There is something deeply satisfying about eating directly from the garden. The fruit of one’s own labor really does taste sweeter. As my husband, George, and I finish another year of living full-time in our cedar-shingle cottage in upstate New York, the garden we have created together–full of native plants and heirloom vegetables–feeds us in so many ways.
George Billard for Gardenista. Above: Our modest half-acre is surrounded by tall pines that rob us of precious sunshine. We began our garden with a couple of raised beds in the back. Those have now quadrupled and spread to the front as well, maximizing our growing area. Above: At this rate, there will soon be no lawn at all. That’s fine with us. Above: Hops nearly cover our little barn out back, which serves as a writing room and guest quarters. Other crops that do well in these beds include sorrel, horseradish, lovage, shiso, amaranth, kale, garlic, scallions, hot peppers, rhubarb, squash, and catnip. Cucumbers climb over the fence, obscuring the clematis that bloomed so profusely in June.
The tender shoots of hops are a traditional Italian dish; they’re delicious in a spring omelette. In fall, we harvest the beautiful flowers for brewer friends who make gluten-free beer for George.
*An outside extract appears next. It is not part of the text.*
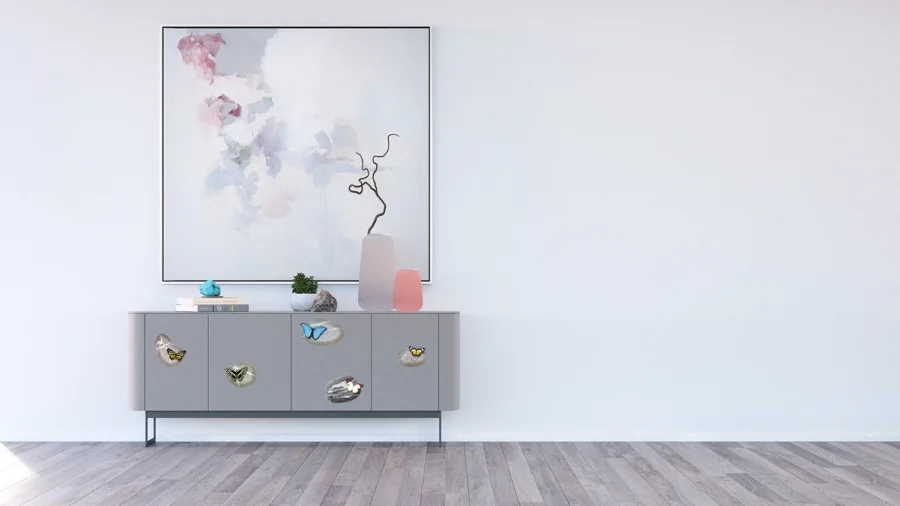 Wall Stickers Butterflies on Stones, 30 x 30 cm, SS 3853 - Image 3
Above: Field garlic, transplanted from the wild, and echinacea both find their way into the kitchen. I make an elixir with citrus and the dried flower heads to ward off flu in the winter. Above: George grows potatoes in these wooden barrels (and extra tomatoes and cucumbers, because he can never have enough), building them up with wire cages and straw. Above: These Mexican sour gherkins, a new addition this year, have really taken off. They drop from the stems when ripe, at which point I’ll pickle them in a spicy brine. Above: A hard pruning made our black raspberries more prolific this month–and for once, the birds and chipmunks did not make off with every last one. I used the berries as topping for a delicious cornmeal skillet cake.